Ambassador level talks will be followed with the foreign ministers meeting due to start at 16:00 GMT.

The meeting in the Egyptian capital had been scheduled for Tuesday, but was advanced to Sunday “in light of rapid developments in the Syria situation and based on the request of several Arab states”, Ahmed Ben Helli, Arab League deputy chief, said on Saturday.

Al Jazeera’s Nadim Baba, reporting from Cairo, said that Ahmed Aljarba, the head of the Syrian National Council (SNC), would give a speech at the foreign ministers meeting

The head of the opposition umbrella group backed by the West and Arab states is expected to ask Arab foreign ministers to back military intervention in Syria.
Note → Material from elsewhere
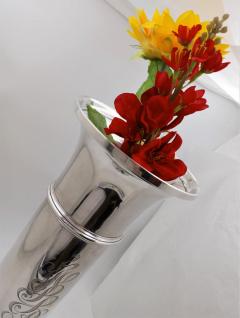  Black Starr Gorham Black Starr Gorham Sterling Silver Trumpet Palace Size Vase in Art Deco Style - 3237224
The Arab League on Tuesday accused the Syrian government of carrying out a chemical-weapons attacks in a suburb of Damascus that killed hundreds of people, including children, on August 21.

Permanent representatives condemned what they called the “horrible crime carried out with internationally prohibited chemical weapons”, and put the “entire responsibility” on President Bashar al-Assad’s government.

The Arab League suspended Syria’s membership in 2011 after Assad’s government failed to abide by an Arab peace plan that aimed to end the conflict.

The 22-member organisation offered in March Syria’s seat to the SNC and decided to let its member nations arm the rebels battling Assad’s government.

John Kerry, the US secretary of state, named the regional body on Friday among a list of allies “ready to respond” to the alleged chemical-weapons attack.

However, some influential Arab League members, including Egypt, Iraq, Lebanon, Tunisia and Algeria, have expressed opposition to foreign military intervention in Syria.

Al Jazeera’s Cairo correspondent Nadim Baba said that it would be disappointment for the US, if Arab League does not give a unified green light to military intervention in Syria.

Some of the Gulf Arab countries, notably Qatar and the UAE, took part in the military operations in Libya that led to the removal of the longttime Libyan leader Muammar Gaddafi from power and his eventual death in 2011.

Bahrain hosts the US Fifth Fleet, while Centcom, the US command responsible for 20 countries in the Middle East and Central Asia, has a regional headquarters in Qatar, which also hosts the largest US airbase in the Middle East.